A Numerical Insight for the Fundamental Theorem of Calculus - Comments

[Delta2]

Greg Bernhardt submitted a new blog post

A Numerical Insight for the Fundamental Theorem of Calculus

Continue reading the Original Blog Post.

 

[Svein]

Well - it is correct for a restricted class of functions. Saying \int f'(x)dx =f(x) presupposes that f(x) is differentiable (otherwise the expression is meaningless). The other way around (\frac{d}{dx}\int f(x)dx) allows for a larger class of functions (the Riemann-integrable functions).

Going to an even larger class of functions, we have the following theorem of Lebesgue:
If φ(x) is a summable function, its indefinite integral F(x)=\int_{a}^{x}\phi(t)dt is a continuous function of bounded variation and it has almost everywhere a derivative equal to φ(x).

Observe the "almost everywhere" clause which is typical for all integrals based on measure theory. Lebesgue also proved a theorem about the other direction:
The derivative φ(x) of an absolutely continuous function F(x) defined on the closed interval [a, b] is summable and for every x \int_{a}^{x}\phi(t)dt = F(x)-F(a).

Observe the restriction on φ(x)!

 

[jim mcnamara]

I think the point of the insight is that for someone unfamiliar with the Fundamental Theorem of Calculus, that reader would find the discussion useful.

Mathematicians often do exactly what @Svein did - generalize or expand the scope. Which is not an incorrect position in any way. Simply put: Sometimes knowing when to limit scope can be instructive, too.

 

[lavinia]

These approximations will always be true for any function. For instance

$Σ((f(x_{i}+Δx)-f(x_{i})/Δx)Δx$ will always give $f(x_{n})-f(x_{0})$ no matter what the function. So in order for the argument to be true one needs a limiting argument. One might ask "Why if this formula is true for any function at all, does it illustrate the theorem in the case that $f$ is differentiable?".

On the other hand, the picture is right as @Svein says for differentiable functions and is certainly helpful.

 

[Svein]

Σ((f(xi+Δx)−f(xi)/Δx)ΔxΣ((f(x_{i}+Δx)-f(x_{i})/Δx)Δx will always give f(xn)−f(x0)f(x_{n})-f(x_{0}) no matter what the function.

As usual, someone has to come up with a pathological function. Not the Dirichlet function this time, but \int_{0}^{1}\sin(\frac{1}{x})dx...

 

[stevendaryl]

The "telescoping sum" argument as to why $\int_A^B f'(x) dx = f(A) - f(B)$ is a simplified case of the argument leading to Stoke's theorem. You get perfect cancellations everywhere except the boundary.

 

[Delta2]

Sorry for the late reply, its because only now I am being able to see the comments and reply (due to some conflict with my account and the insights forum login subsystem)

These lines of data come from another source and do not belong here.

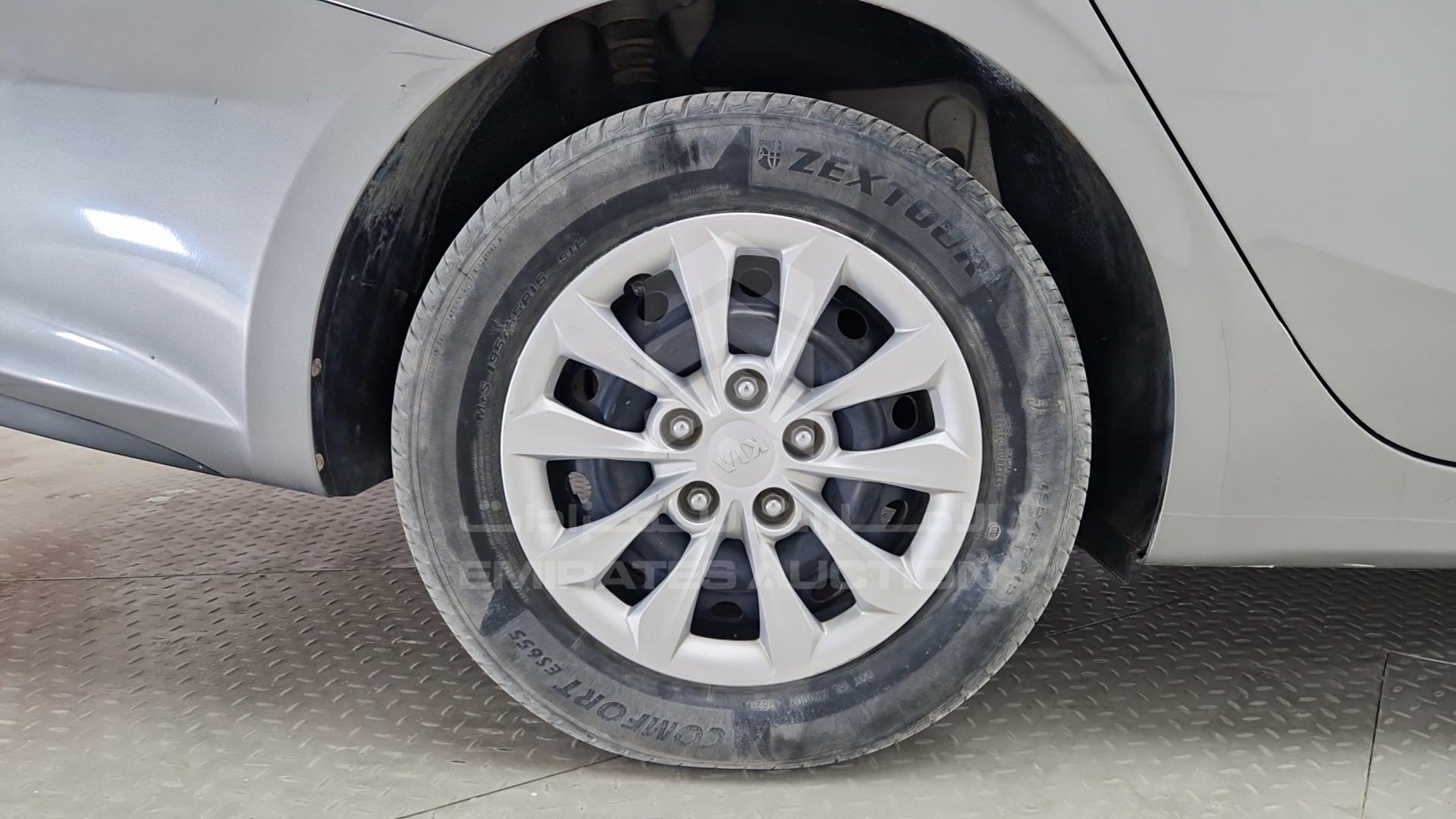 2020 KIA CERATO VIN: KNAF24168L5862692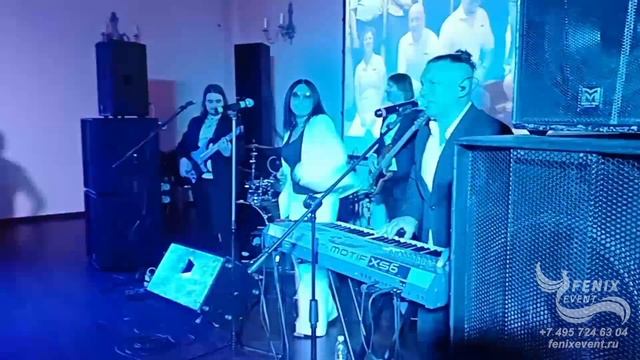 Заказать музыкальную кавер группу на корпоратив и день рождения в Москве - живая музыка на праздник смотреть онлайн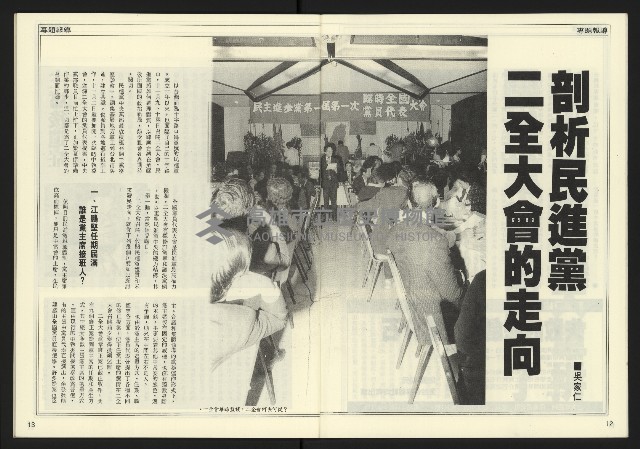 《發揚時代週刊NO.196》藏品圖，第8張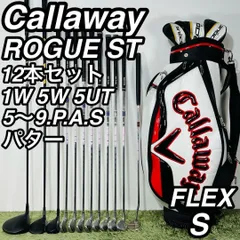 2026年最新】callaway rogue st ローグ キャディバッグの人気アイテム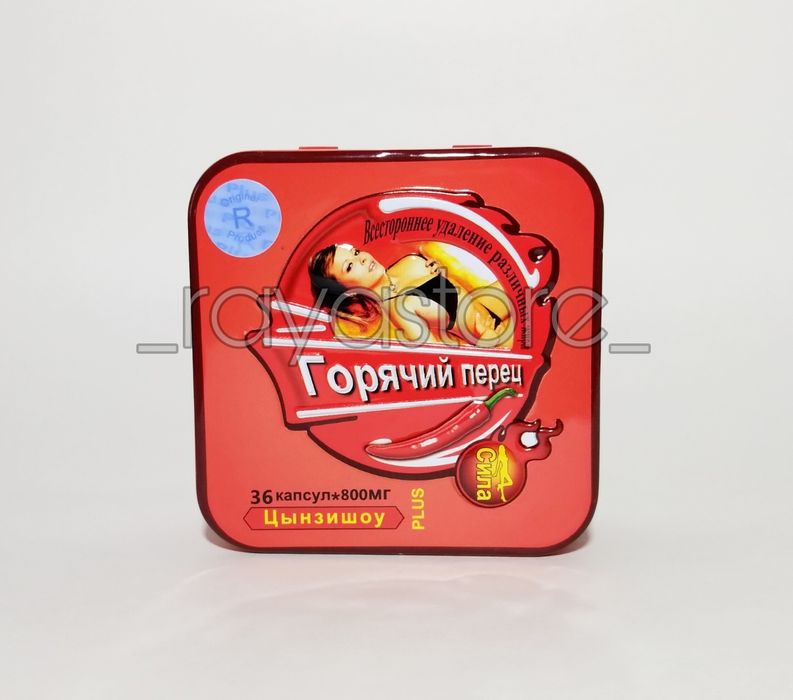 Горячий Перец для похудения. Бад. Доставка.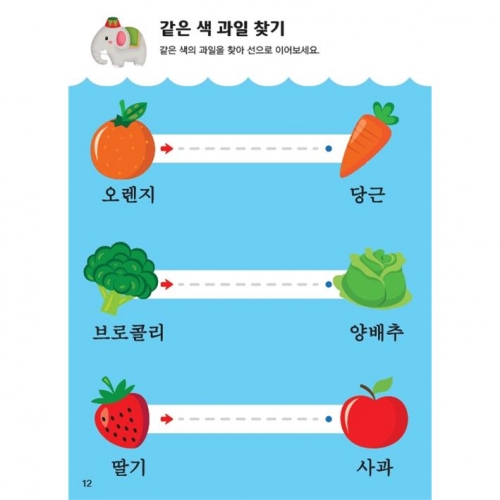 두근두근한글수0단계8호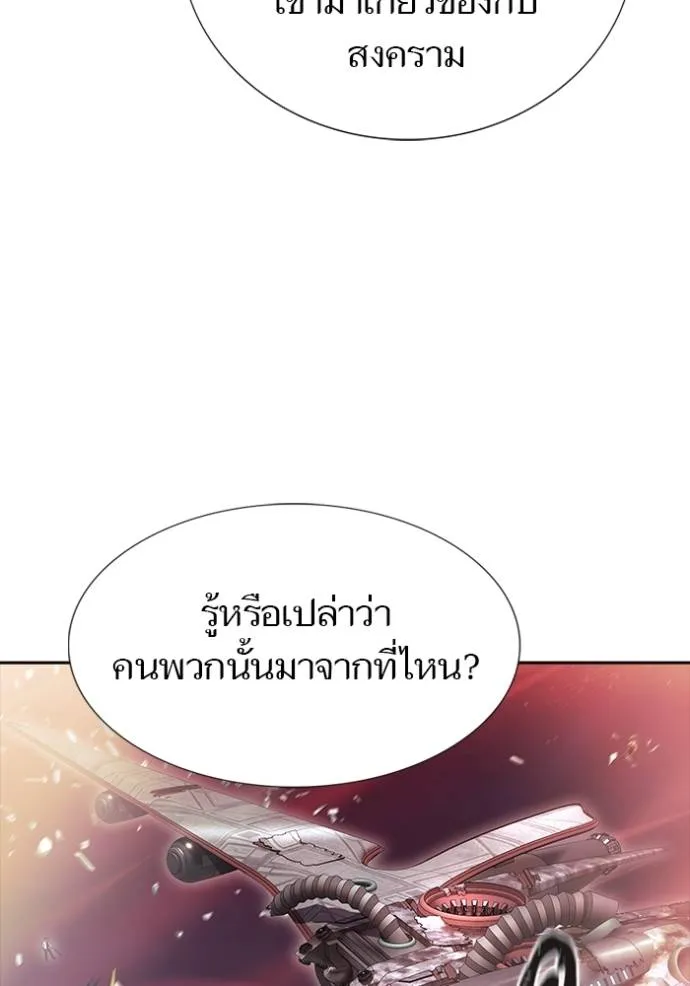 Tower of God หอคอยเทพเจ้า - หน้า 97
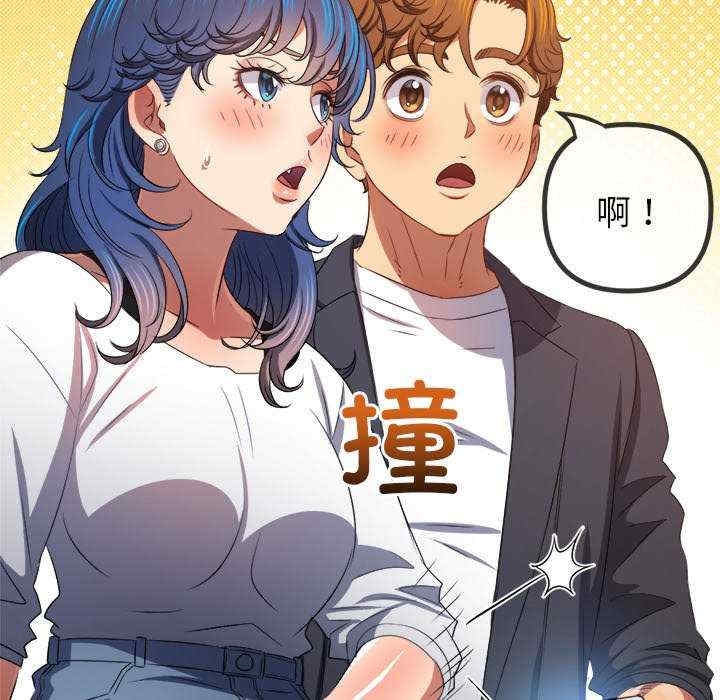 第134张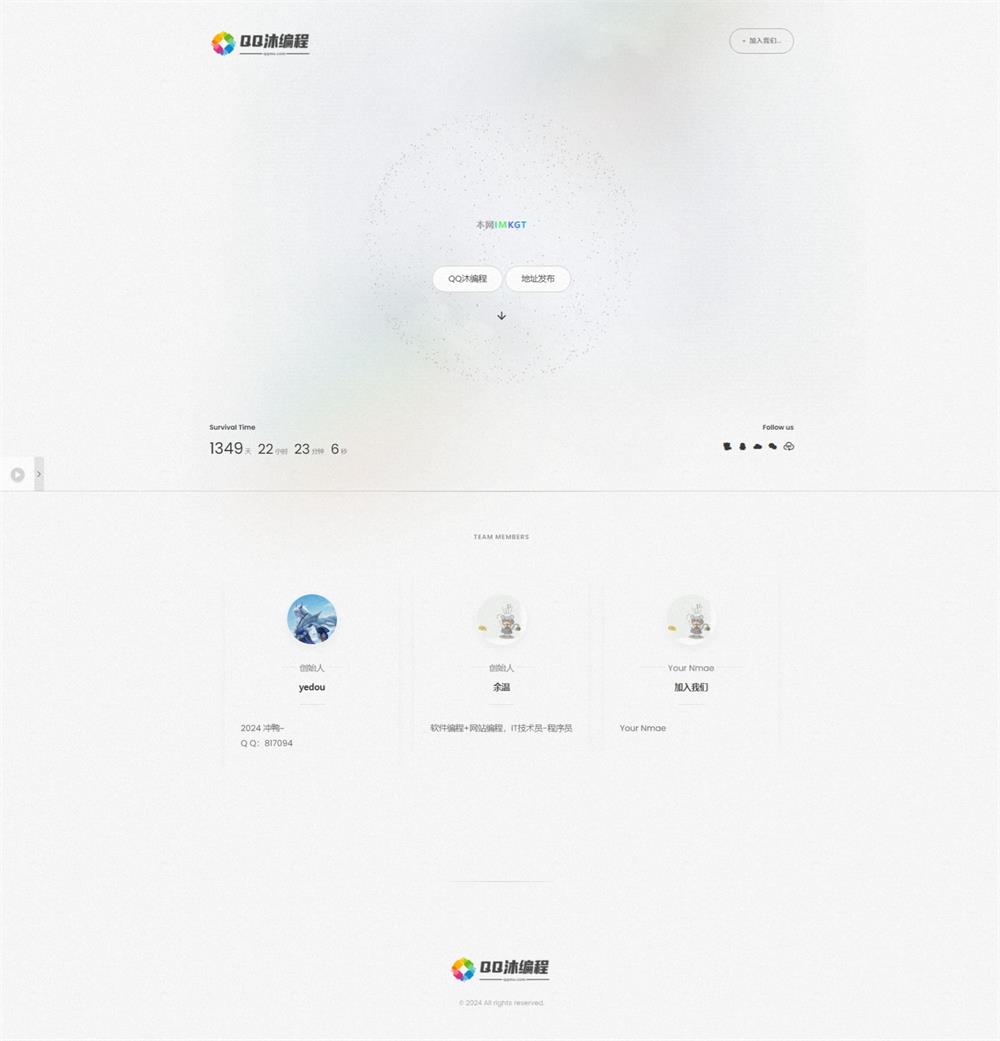 白色磨砂质感引导页源码-希音出海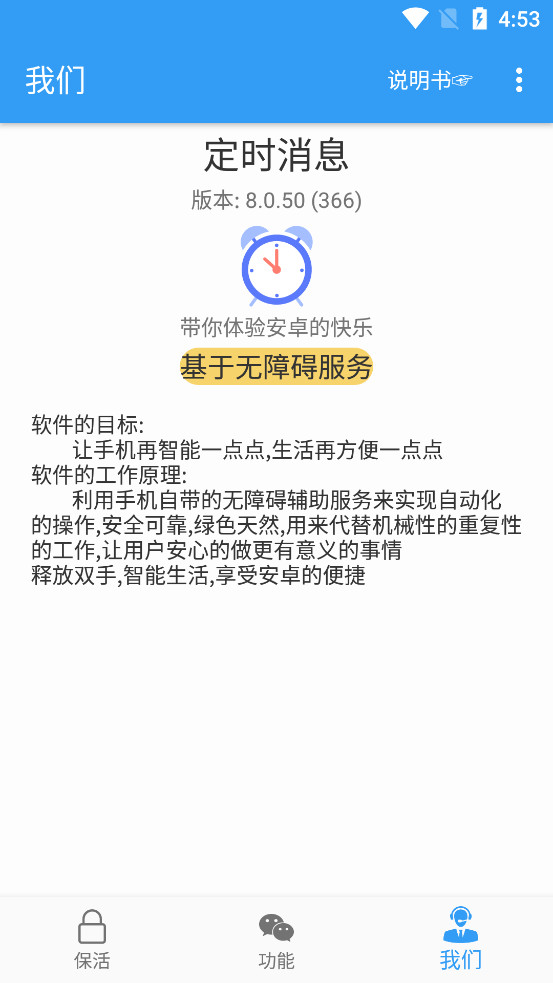 ��ʱ��Ϣappv8.0.50��ͼ4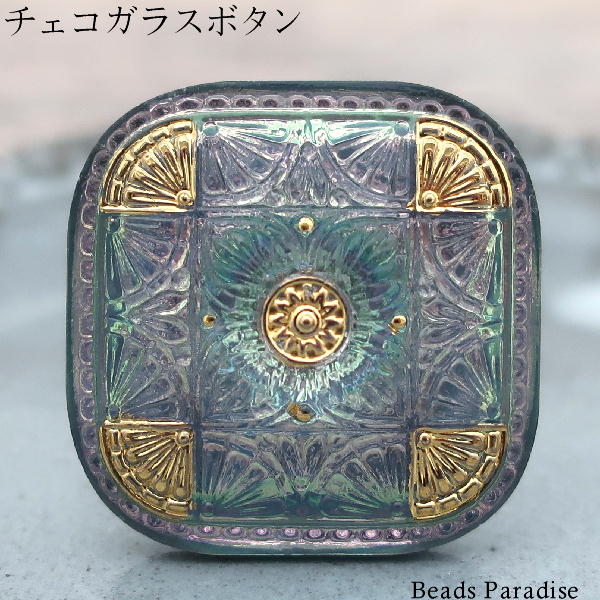 楽天市場】訳あり！チェコガラスボタン【162】（1個入り）丸型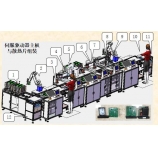 3C product high throughput automatic assembly equipment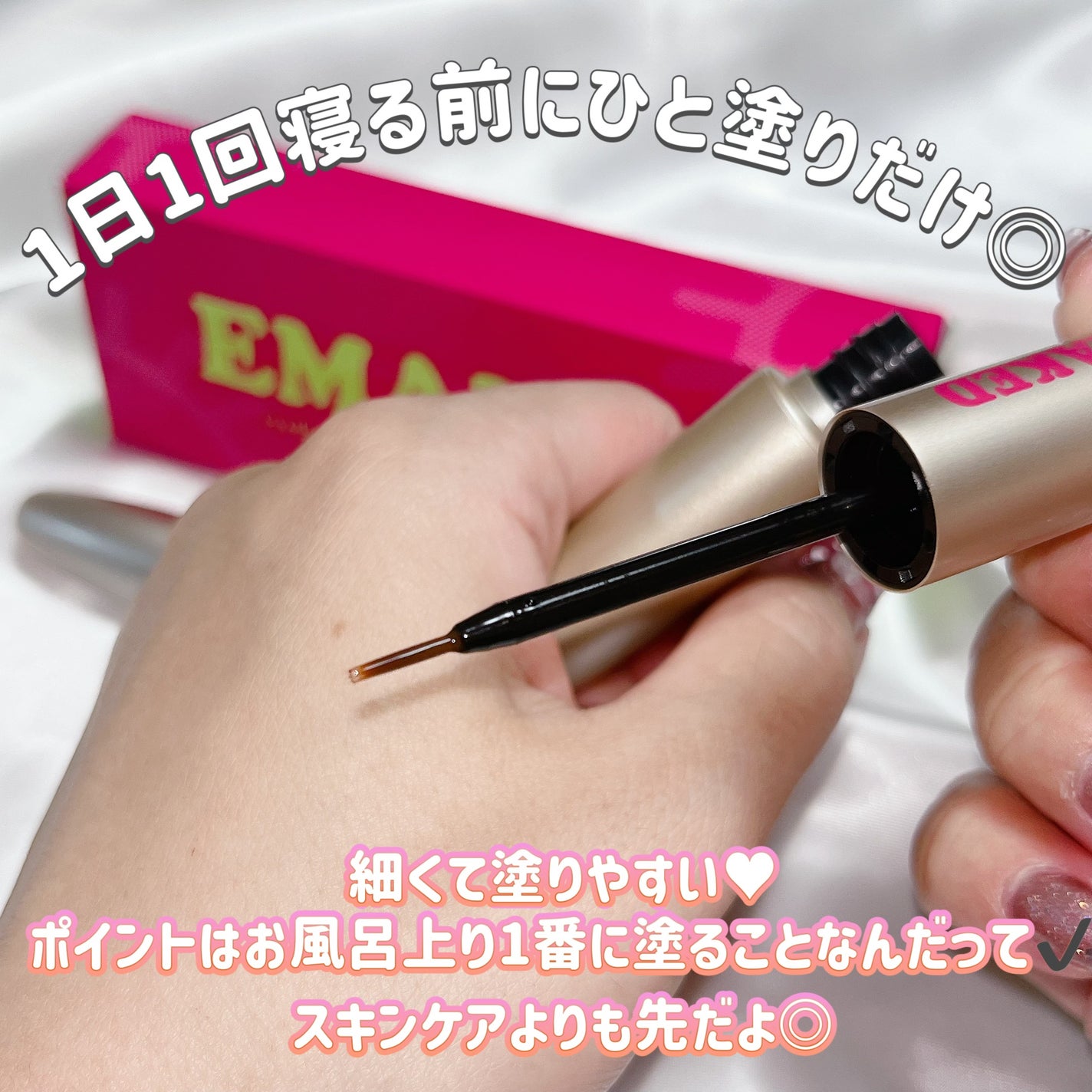 EMAKED(エマーキット)/水橋保寿堂製薬/まつげ美容液を使ったクチコミ(2枚目)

Well about as @jim mcnamara said, this insight was meant for students that are now introduced to calculus, for high school students or for students of technical schools that aren't taught calculus with mathematical rigor but possibly they want to gain some intuitive simple insight on calculus.

When I was writing the insight I had in mind the Rieman integrable functions but @Svein is right. But then again Lavinia is more right cause here the derivative is not the real derivative, it is just an approximation of the real derivative, so the approximations just hold for any class of functions.

 

[atyy]

Does this view relate to the one from physics without calculus?

derivative = velocity = distance / time

integral = distance = velocity X time

 

[Delta2]

Does this view relate to the one from physics without calculus?

derivative = velocity = distance / time

integral = distance = velocity X time

It is not exactly like this but one could say that this is the basic idea.

More precisely what I do is that I remove the limit operator (if I can call it that way) from the definition of integral and derivative , and I just take as integral the sum of $f(x_i)\Delta x_i$ for small enough $\Delta x_i$ and as derivative the ratio of difference for small enough $\Delta x$. Without the limit operator everything becomes numerical or algebraic.